In just the same way, when the discovery of Neptune was followed by that of a solitary companion to it, this also had to be followed. The difficulties in the way of observing the fainter of all these satellites were considerable, and the work has been mostly confined to two or three observatories possessing very large telescopes. As the largest telescope at Greenwich was only 7 inches in aperture up to 1859, and only 12 3/4 inches up to 1893, it is only very recently that it has been able to take any very substantial part in satellite measures. But since the Thompson photographic telescope was set up, it has been found that a photograph of Neptune and its satellite can be taken in considerably less time than a complete set of direct measures can be made, whilst the photograph, which can be measured at leisure during the day, gives distinctly the more accurate results.
So, too; the places of the minor planets can be got more accurately and quickly by means of photographs with this great telescope than by direct observation, and photographs of the most interesting of them all, the little planet Eros, have been very successfully obtained. So that, though doing nothing directly to improve the art of navigation, or to find the longitude at sea, the great photographic refractor takes its share in the work of 'Rectifying the Tables of the Planets.'
The reflector of 30 inches' aperture, which acts
as a counterpoise to the sheaf of telescopes of the
Thompson, is intended for use with the spectroscope,
the quality which mirrors possess of bringing all
rays, whatever their colour, to the same focus being
of great importance for spectroscopic work. But the
experiments which have been made with it in celestial
photography have proved so extremely successful as
to cause the postponement of the recommencement
of the spectroscopic researches. Chief amongst these photographs are some good ones of the moon, and more recently some exceedingly fine photographs of the principal nebulae.
In no department of astronomy has photography brought us such striking results as in regard to the nebulae. Dr. Roberts' photograph of the great nebula in Andromeda converted the two or three meaningless rifts--which some of the best drawings had shown--into the divisions between concentric rings; and what had appeared a mere shapeless cloud was seen to be a vast symmetrical structure, a great sidereal system in the making. The great nebula in Orion has grown in successive photographs in detail and extent, until we have a large part of the constellation bound together in the convolutions of a single nebula of the most exquisite detail and most amazing complexity. The group of the Pleiades has had a more wonderful record still. Manifestly a single system even to the naked eye, and showing some faint indications of nebulosity in the telescope, the photographs have revealed its principal stars shining out from nebulous masses, in appearance like carded wool, and have shown smaller stars threaded on nebulous lines like pearls upon a string.

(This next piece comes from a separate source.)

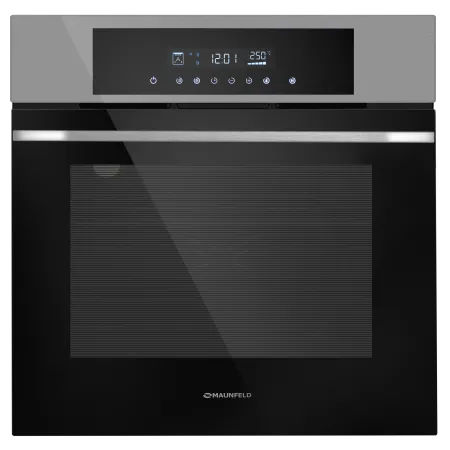 Шкаф духовой электрический MAUNFELD AEOD60103 Нержавеющая сталь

Such photographs are, of course, of no utilitarian value, and at present they lead us to no definite scientific conclusions. They lie, therefore, doubly outside the limits of the purely practical, but they attract us by their extreme beauty, and by the amazing difficulty of the problems they suggest. How are these weird masses of gas retained in such complex form over distances which must be reckoned by millions of millions of miles? By what agency are they made to glow so as to be visible to us here? What conceivable condition threads together suns on a line of nebula? What universes are here in the making, or perhaps it may be falling into ruin and decay?